Deux styles de musique se partagent l'île de La Réunion, le séga et le maloya. Les deux se dansent, mais le maloya est aussi une musique de révolte et d'expression spirituelle. Genre ancestral mais toujours remuant, le maloya a très bien su s’adapter aux préoccupations et aux variations musicales du monde moderne. Des premiers enregistrements à ses hybrides électroniques, petit tour de l’île sur un rythme ternaire…

Le maloya passionne les historiens, les anthropologues, les musicologues et tous les amateurs de musiques non frelatées.

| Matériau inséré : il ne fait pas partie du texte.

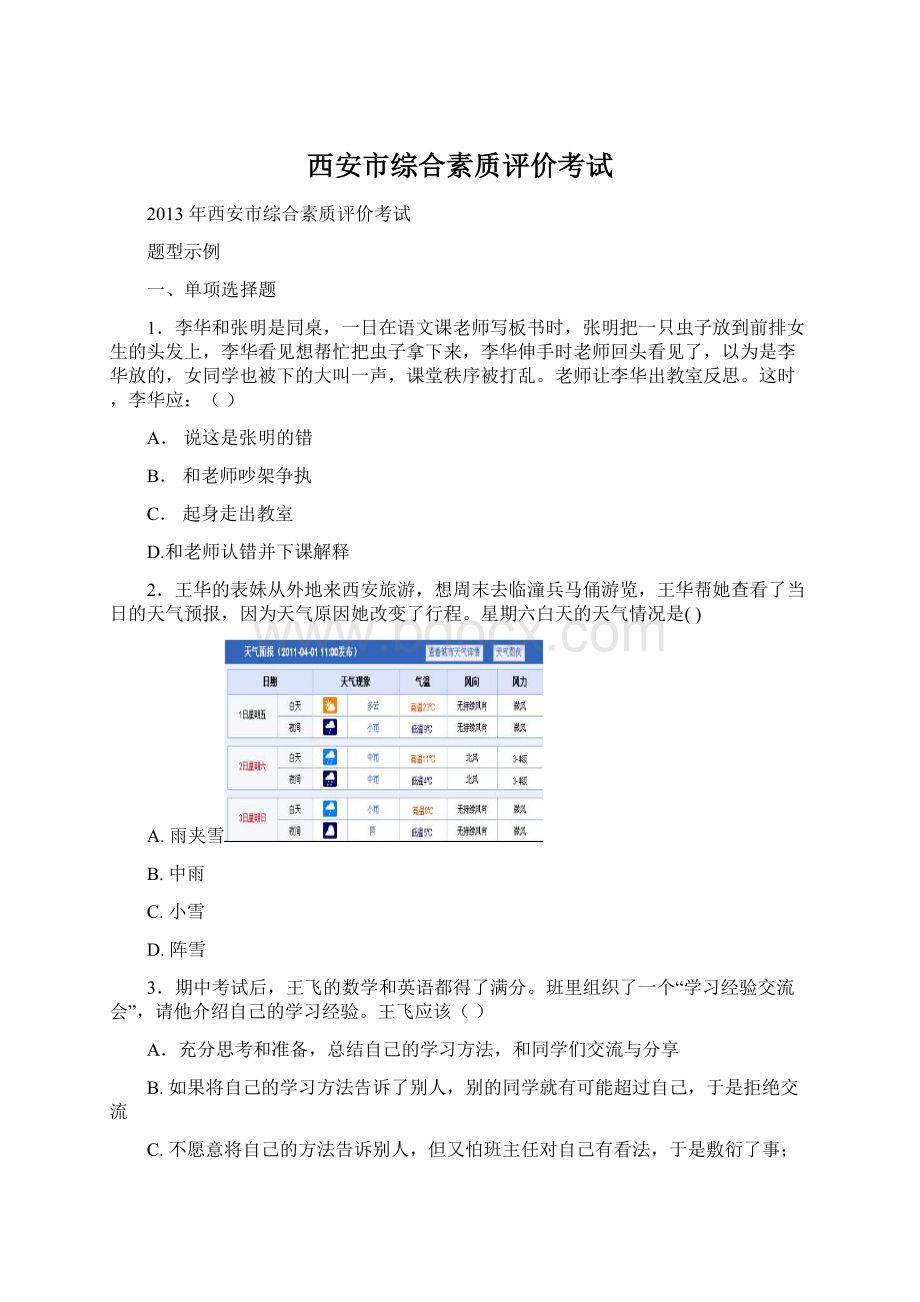 西安市综合素质评价考试.docx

Preuve de son importance culturelle, l’Unesco l’a classé au patrimoine immatériel de l’humanité en 2009. Cette musique vient de La Réunion, une île vierge jusqu’au XVIe siècle, colonisée par la France qui met au travail des esclaves dans les plantations de café. Progressivement habitée par des populations originaires d’Afrique, d’Inde, de France ou de Madagascar, l’île finit par conceptualiser son propre style de musique inspiré des chants des esclaves, le maloya, qu’on surnomme parfois le “blues créole”. Fleur sauvage, le maloya, dont le nom viendrait du mot malgache “maloy aho” (parler), est, dans sa version traditionnelle, joué avec des instruments acoustiques comme le kayamb, un hochet rectangulaire fabriqué avec des tiges de canne à sucre et des graines ; le bobre, un arc musical cousin du berimbau brésilien ; le pikèr, un cylindre de bambou frappé avec des baguettes ; le roulèr, un tambour basse. Avec un tel attirail, le maloya est forcément une musique très rythmique, dont les saccades ternaires complexes donnent au non-initié envie de danser, mais sans qu’il sache trop comment.

Dans la forme, vu de loin, le maloya peut évoquer certaines musiques rurales et rituelles du Brésil ou de Haïti, voire la musique de Mardi-Gras de La Nouvelle-Orléans, ou les anciennes mélodies des quadrilles français en pays cajun. Le maloya est indissociable de la langue créole réunionnaise, et il est depuis toujours honoré par de sacrément bons poètes, et d’encore meilleurs vocalistes, hommes comme femmes. Il se décline en diverses variétés, du rituel religieux (dans les services kabaré des Malbars) aux productions purement récréatives en passant par le militantisme politique (il fut la bande-son de la lutte pour l’autonomie). De même, il diversifie sa forme musicale, en s’hybridant avec le rock, le jazz, le reggae, la musique électronique… C’est une musique de La Réunion mais qui se pratique aussi en métropole, dans la diaspora réunionnaise et au-delà.